--- Records supplied Enclosed Below ---

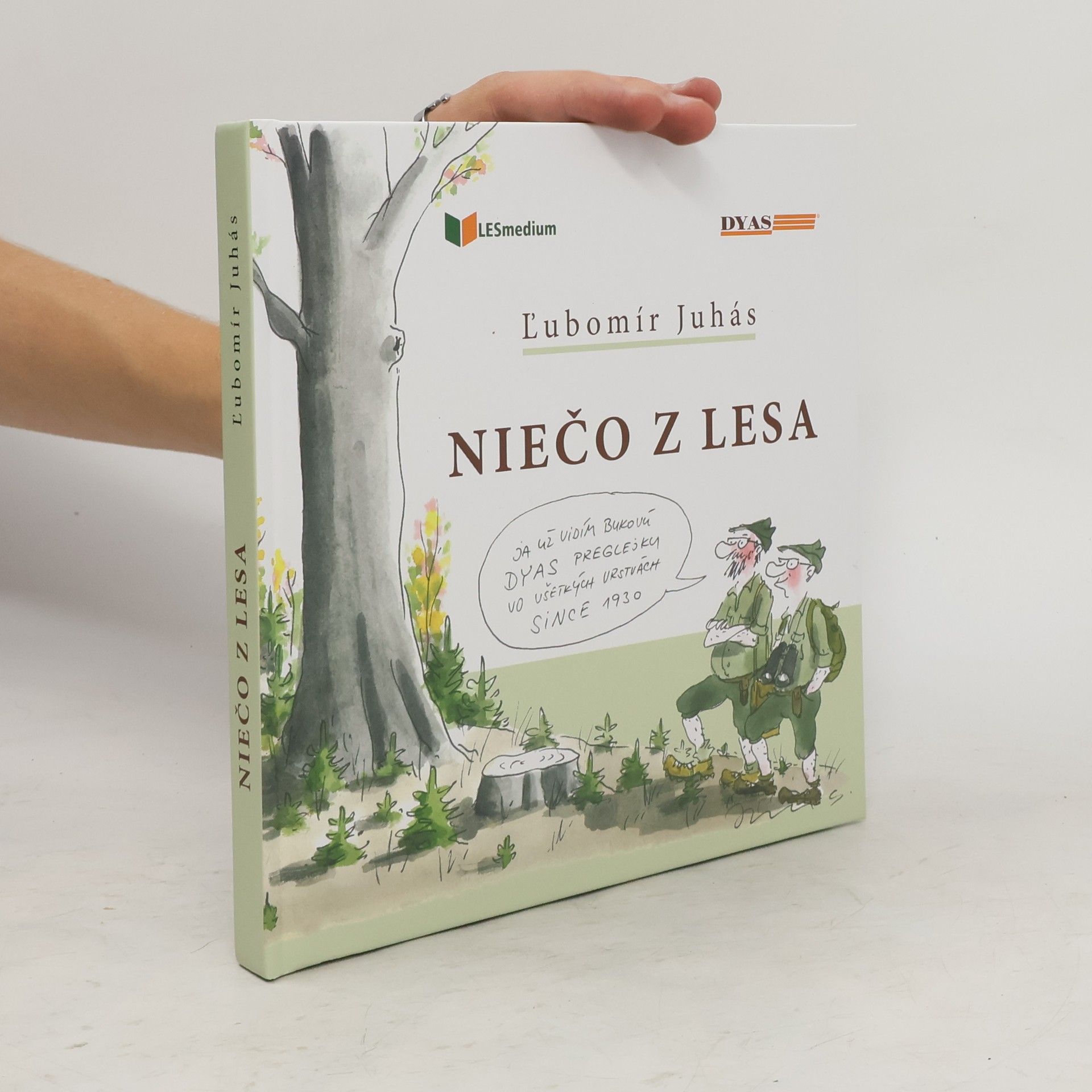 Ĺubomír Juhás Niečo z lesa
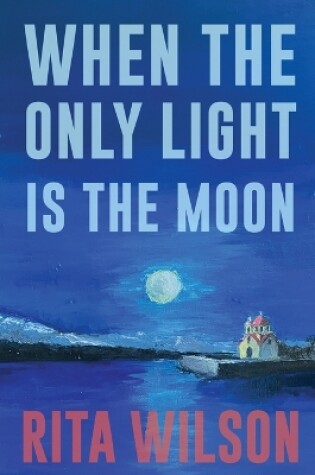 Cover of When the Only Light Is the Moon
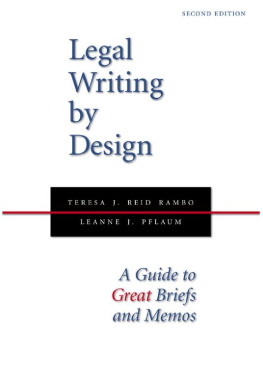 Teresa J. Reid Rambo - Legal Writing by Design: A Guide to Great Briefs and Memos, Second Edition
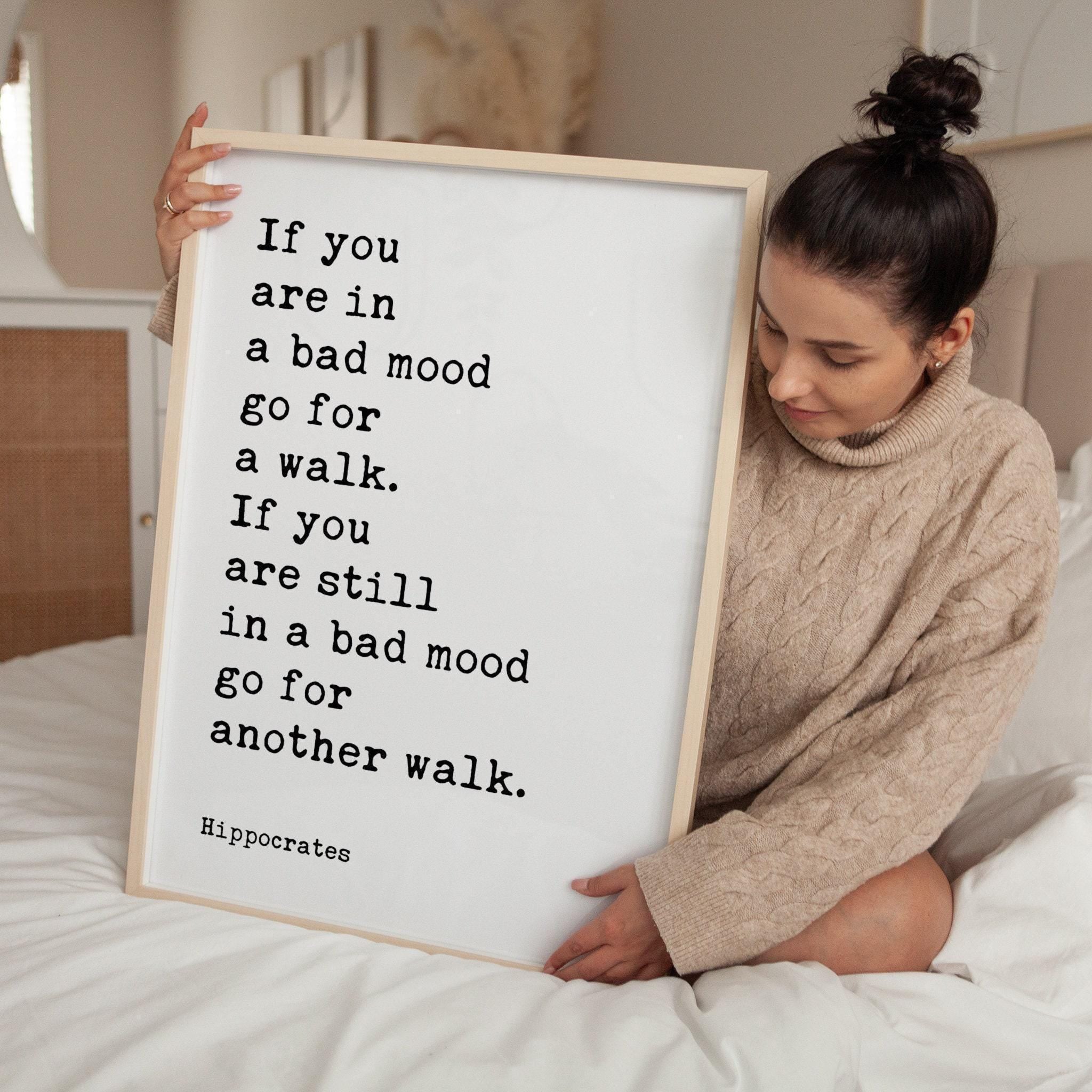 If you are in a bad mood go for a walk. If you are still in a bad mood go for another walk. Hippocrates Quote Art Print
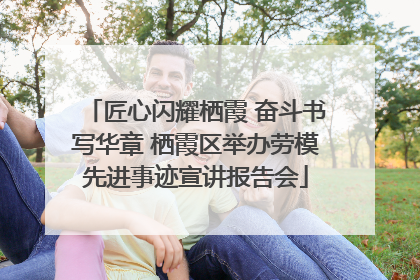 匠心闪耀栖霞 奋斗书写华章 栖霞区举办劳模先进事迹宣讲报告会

--- End of Enclosed Records supplied ---
--- Records supplied Enclosed Below ---

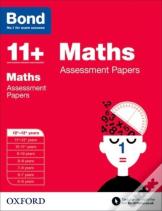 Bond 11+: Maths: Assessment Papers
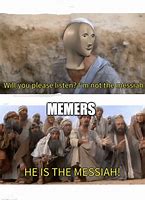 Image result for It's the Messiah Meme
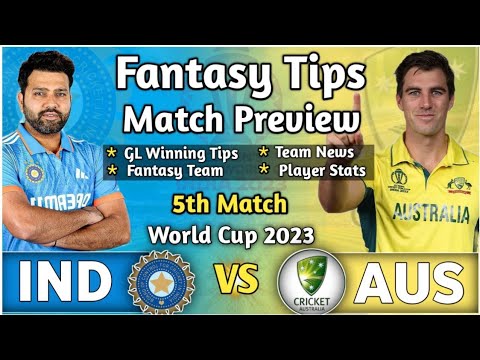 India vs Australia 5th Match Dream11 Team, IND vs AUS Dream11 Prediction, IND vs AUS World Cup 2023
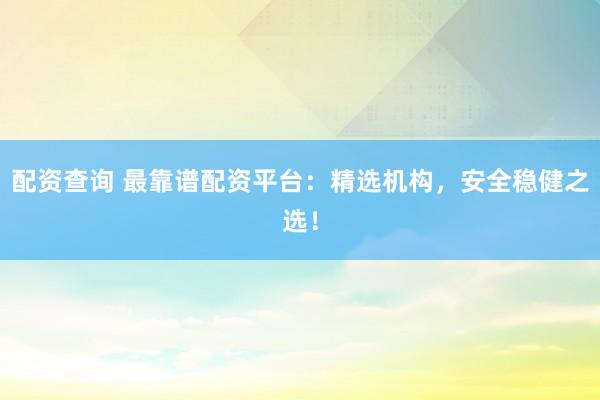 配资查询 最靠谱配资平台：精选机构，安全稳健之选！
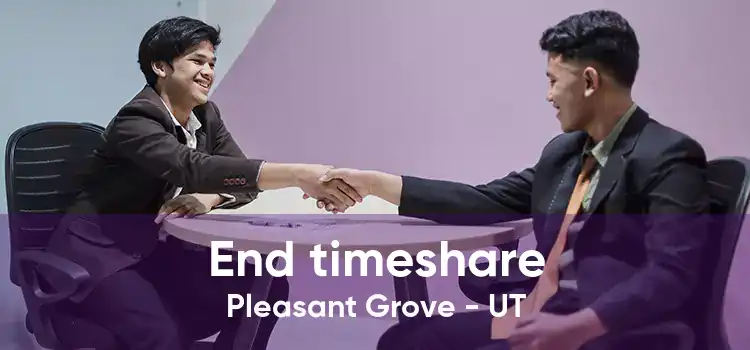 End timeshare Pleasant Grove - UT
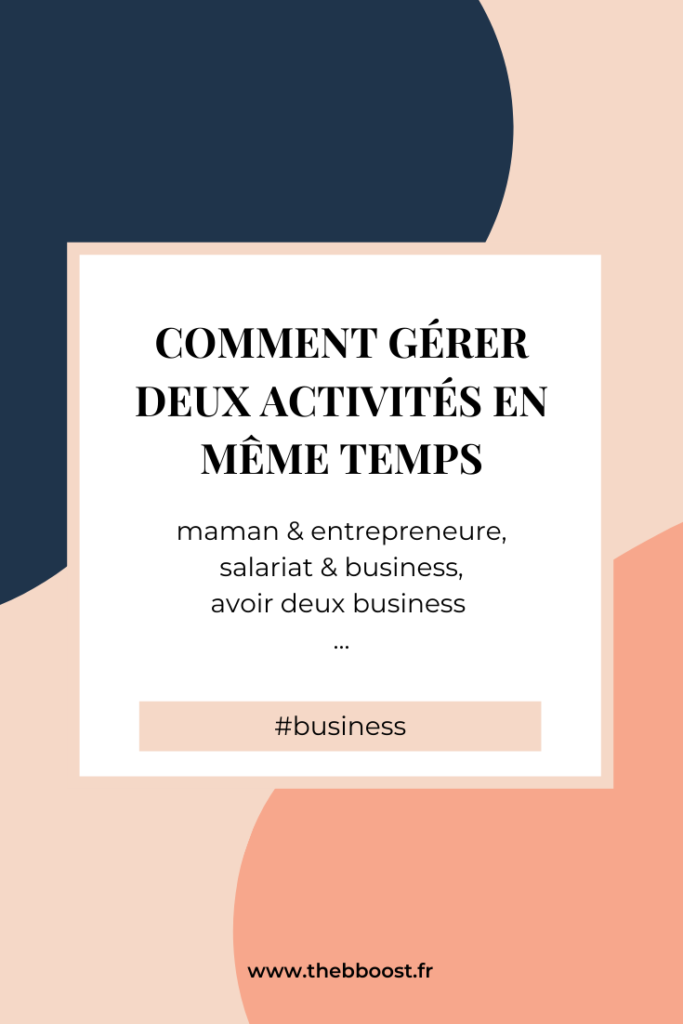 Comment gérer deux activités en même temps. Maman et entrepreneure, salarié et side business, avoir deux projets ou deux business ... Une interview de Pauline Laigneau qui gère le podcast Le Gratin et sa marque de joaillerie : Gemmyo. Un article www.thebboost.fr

--- End of Enclosed Records supplied ---

### Aim of the exercise
Copy exactly the lines of the entries above from the one containing "Ĺubomír Juhás Niečo z lesa" through the one containing "匠心闪耀栖霞 奋斗书写华章 栖霞区举办劳模先进事迹宣讲报告会". Both end lines count; pictures do not.

### Response to the task
 Ĺubomír Juhás Niečo z lesa
 Cover of When the Only Light Is the Moon
 Teresa J. Reid Rambo - Legal Writing by Design: A Guide to Great Briefs and Memos, Second Edition
 If you are in a bad mood go for a walk. If you are still in a bad mood go for another walk. Hippocrates Quote Art Print
 匠心闪耀栖霞 奋斗书写华章 栖霞区举办劳模先进事迹宣讲报告会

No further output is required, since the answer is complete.